__Exercise directions__. Keep to one stretch of the data below, the lines from the one with "Nude Woman Bodyscape" up to and including the one with "прущий лед Алексеевка", and return that stretch exactly.

__Provided information__.
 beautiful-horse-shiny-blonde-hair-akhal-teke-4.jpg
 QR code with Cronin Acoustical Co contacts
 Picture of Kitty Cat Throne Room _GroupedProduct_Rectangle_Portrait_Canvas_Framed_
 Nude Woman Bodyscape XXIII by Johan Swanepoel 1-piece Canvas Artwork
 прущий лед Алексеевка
---
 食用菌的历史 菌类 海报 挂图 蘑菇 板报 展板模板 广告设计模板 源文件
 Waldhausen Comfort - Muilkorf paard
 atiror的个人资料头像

__Answer to this task__.
 Nude Woman Bodyscape XXIII by Johan Swanepoel 1-piece Canvas Artwork
 прущий лед Алексеевка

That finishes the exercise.